▶ _Task instructions_
Repeat exactly the lines below that lie between the line with "The Learning Journey: My" and the line with "COMME CA PLATINUM", counting both of those lines as part of the answer.

▶ _Data supplied_
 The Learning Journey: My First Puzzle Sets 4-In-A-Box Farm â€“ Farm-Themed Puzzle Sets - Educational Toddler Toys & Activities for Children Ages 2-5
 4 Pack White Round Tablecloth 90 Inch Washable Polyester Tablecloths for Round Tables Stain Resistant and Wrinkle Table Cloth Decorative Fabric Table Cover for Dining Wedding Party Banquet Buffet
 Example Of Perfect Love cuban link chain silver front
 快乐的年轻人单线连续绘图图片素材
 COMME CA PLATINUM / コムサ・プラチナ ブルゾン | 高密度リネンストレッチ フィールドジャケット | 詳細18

* * *

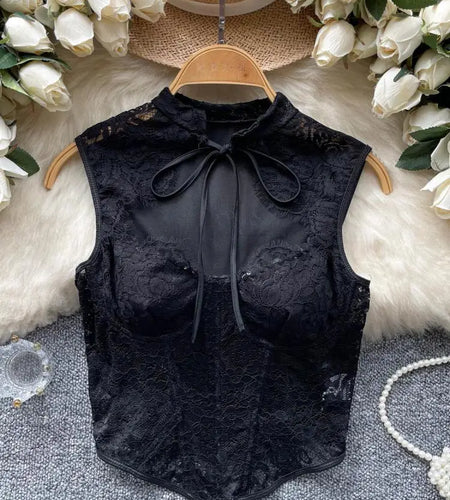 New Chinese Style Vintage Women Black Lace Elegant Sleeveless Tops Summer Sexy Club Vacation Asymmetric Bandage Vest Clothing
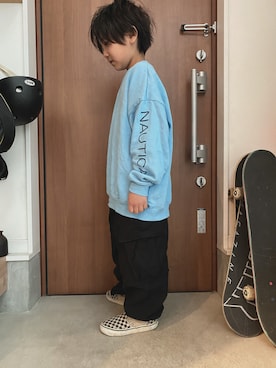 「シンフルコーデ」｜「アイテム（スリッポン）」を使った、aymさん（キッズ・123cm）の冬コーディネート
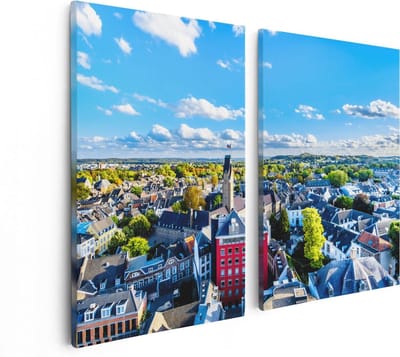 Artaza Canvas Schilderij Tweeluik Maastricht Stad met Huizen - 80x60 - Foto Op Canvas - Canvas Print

▶ _Exercise response_
 The Learning Journey: My First Puzzle Sets 4-In-A-Box Farm â€“ Farm-Themed Puzzle Sets - Educational Toddler Toys & Activities for Children Ages 2-5
 4 Pack White Round Tablecloth 90 Inch Washable Polyester Tablecloths for Round Tables Stain Resistant and Wrinkle Table Cloth Decorative Fabric Table Cover for Dining Wedding Party Banquet Buffet
 Example Of Perfect Love cuban link chain silver front
 快乐的年轻人单线连续绘图图片素材
 COMME CA PLATINUM / コムサ・プラチナ ブルゾン | 高密度リネンストレッチ フィールドジャケット | 詳細18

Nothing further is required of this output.